The default mode is: create a venv if it doesn't exist, otherwise use it, and install the same RCT stack as used on the client side in a private space. Note that venv's are always created fresh for a new RP release (to simplify management of dependencies and to allow to mix RCT versions running on the same target resource).

andre-merzky commented 4 years ago

Task overlay environment

The RP pilot agent is not necessarily the same venv as used for the master/worker - that's just the default setup. In our covid work, we for example use a venv for the pilot, and a conda env for the master and worker. The only condition here is that the master and worker venv have a suitable version of RP installed, so that the master and worker base classes can be used, and we don't have any protocol conflicts when communicating with the agent. The master / worker venv is currently not created by bootstrapping (unless they reuse the pilot agent venv).

andre-merzky commented 4 years ago

General provisioning: file placement

Can this include filesystem details, such as installed software or available data sets, or something with which an agent environment could be provisioned (presumably resulting in resources being added to the active pilot description)?

Is more hierarchy or scoping available for data staging directives? I.e. can the pilot description / agent / unit manager specify data staging requirements? Is an RP client able to use the SAGA API for additional resource management, or does RP necessarily isolate its clients from lower level interfaces?

I am not sure I am parsing these questions correctly - do you happen to have an illustrative use case for these cases?

Tasks (and the master and workers are just tasks in this context, albeit special ones) can define a set of pre_exec commands, which can do, say, a module load to provide some specific software, or an conda activate etc (although there are scalability limitations with that approach). The environment of the pilot agent can only be changed within limits, and not from the API. The workload is supposed to be isolated from the pilot env, so there should be little need to change the pilot env.

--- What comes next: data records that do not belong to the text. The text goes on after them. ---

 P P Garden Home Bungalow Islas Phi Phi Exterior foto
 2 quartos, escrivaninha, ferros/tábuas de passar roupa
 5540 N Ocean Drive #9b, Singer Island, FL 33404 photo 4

hierarchy: yes, but I am not sure I am thinking of the same as you are. The pilot can define staging directives which will end up in the pilot sandbox, and the tasks can then link data from the pilot sandbox into the task sandboxes, allowing data reuse. We also provide directives to stage to a session sandbox (to share data between pilots in the same session), and to a resource sandbox (to share data between different sessions on the same resource).

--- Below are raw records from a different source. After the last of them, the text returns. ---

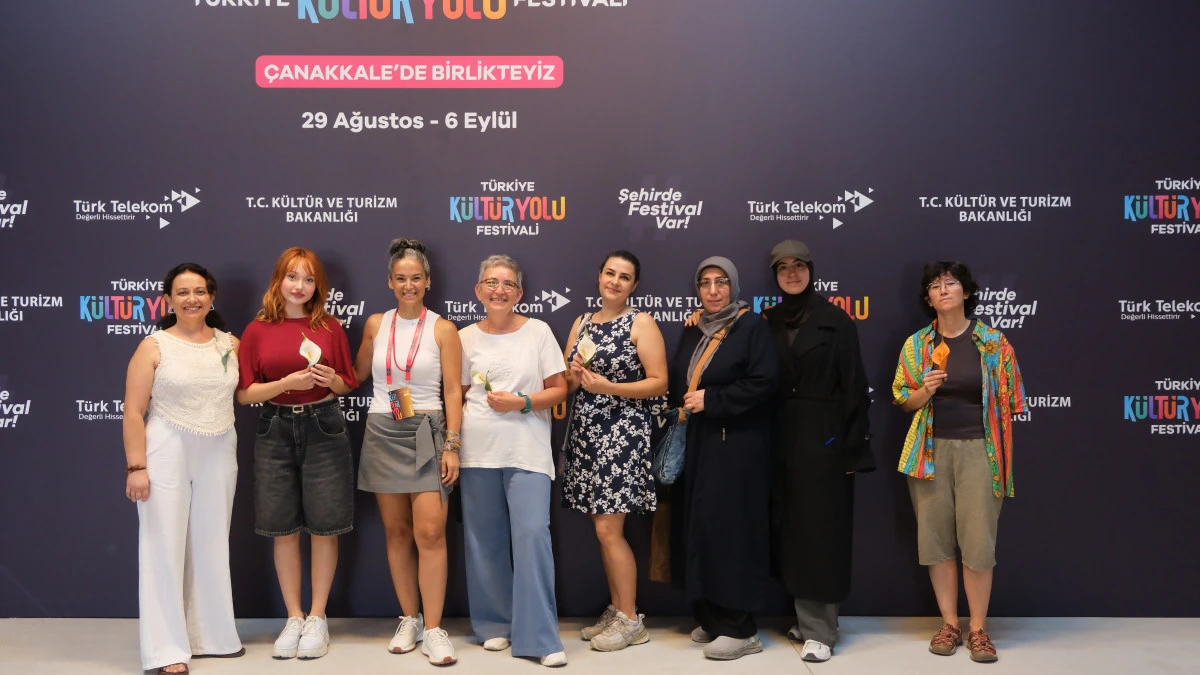 &Ccedil;ANAKKALE&rsquo;DE PERDELER A&Ccedil;ILIYOR İLE ARKEOLOJİK ESERLERİN RESTORASYON &Ccedil;ALIŞMALARI G&Ouml;R&Uuml;N&Uuml;R KILINDI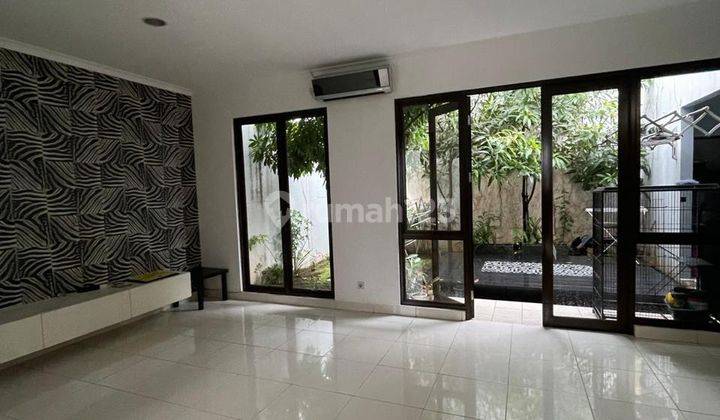 Rumah 2 Lantai Minimalis Semi Furnished Lokasi Dekat Tol Dan Aeon Mall di Bsd The Icon, Tangerang 1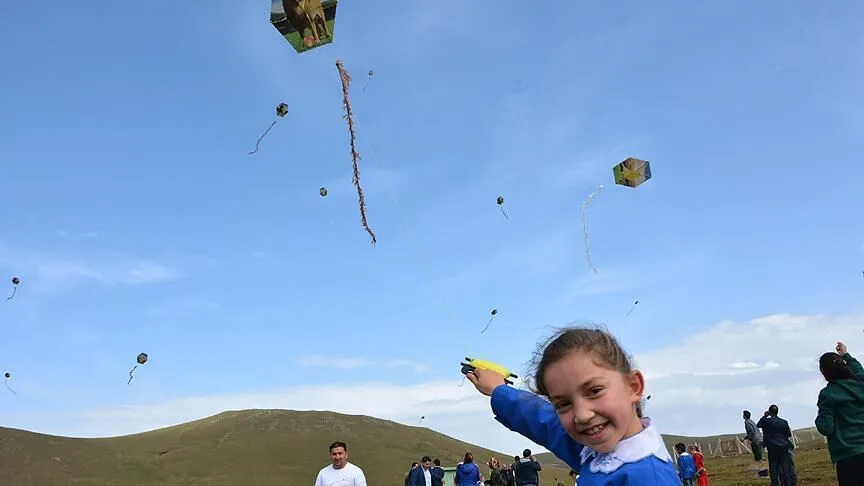 MEB'den 81 ilde "Uçurtmalar Vurulmasın" etkinliği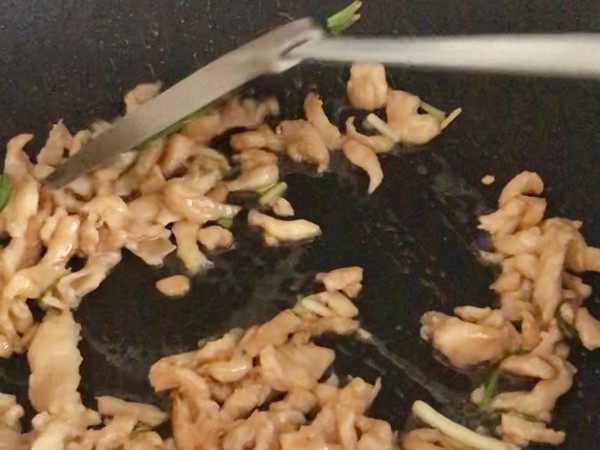 腐竹木耳炒雞肉的做法-咸鮮味炒菜譜-易網健康養(yǎng)生網 腐竹木耳炒雞肉的做法-咸鮮味炒菜譜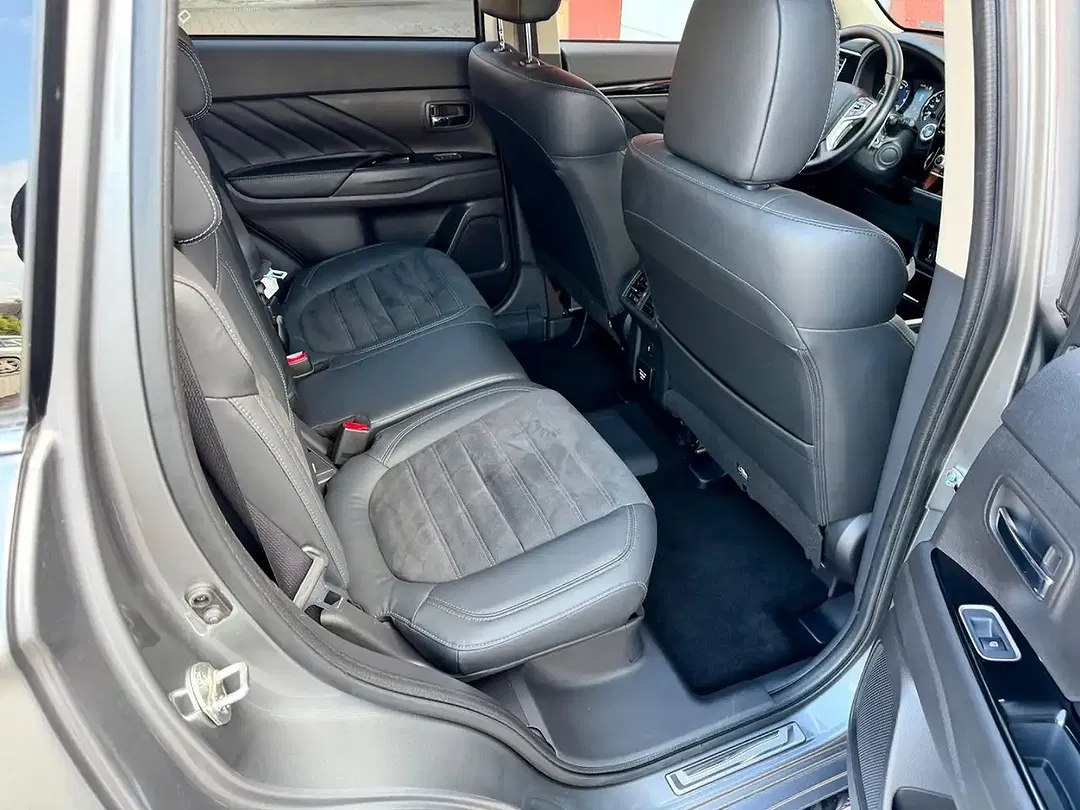 Mitsubishi Outlander - Thumbnail 11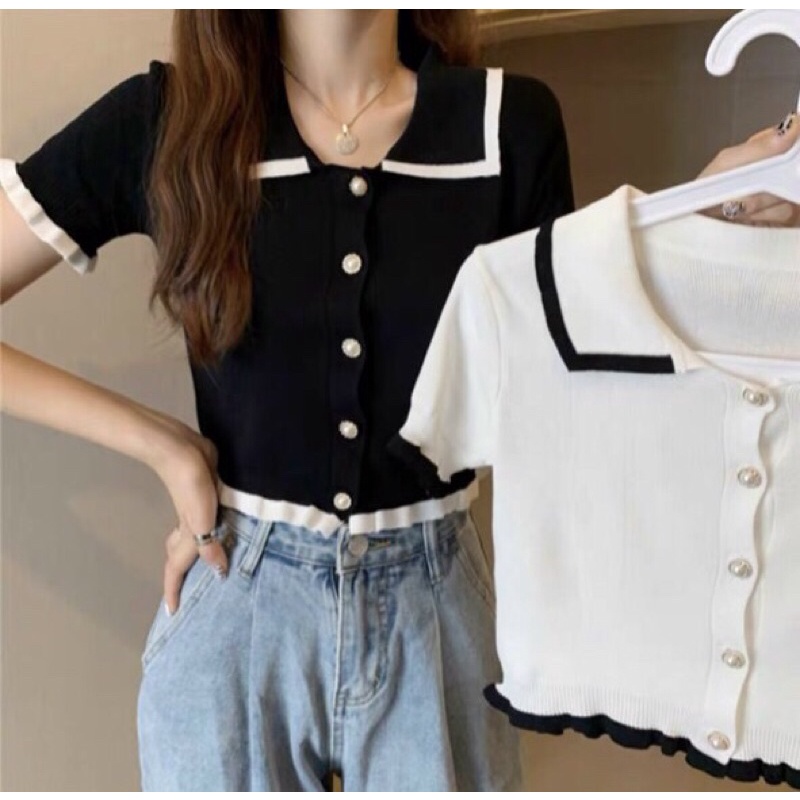 Áo thun cổ bẻ phối viền tay dáng croptop kiểu Hàn Quốc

Is an RP client able to use the SAGA API for additional resource management, or does RP necessarily isolate its clients from lower level interfaces?

The client is free to create SAGA filesystem handles out of band, and to copy/move data around - the RP API willingly provides the endpoint URLs for the various sandboxes. The API does not expose internally used SAGA handles though (although we considered soing so at some point).

andre-merzky commented 4 years ago

Resource re-use

In failure recovery modes, to what degree can RP attempt to reexecute tasks in the same worker, unit, agent, or pilot?

RP itself does not attempt to recover or rerun failed tasks - it's state model would not allow that right now. EnTK adds that capability above RP though, so we know it's possible to implement. Data from the previous sandbox can be reused (as long as you are willing to handle partial results etc, obviously).

Can any filesystem artifacts of a Session be used to more quickly bootstrap or recover a previous session, such as when the client interpreter is interrupted or a Session fails after completing some tasks?

Yes, the session location is exposed and can be referenced for file staging directives (which could include linking of a complete sandbox or storage space, for example).

Is there a clean way to detach from and reattach to a Session between Python interpreter invocations?

Not yet - planned, but it will take a long time before that becomes available.

eirrgang commented 4 years ago

I am not sure I am parsing these questions correctly

You parsed correctly. Thank you!

eirrgang commented 4 years ago

This discussion appears to be finished for now. Further distillation to the wiki can take place under #41 without requiring this issue to remain open.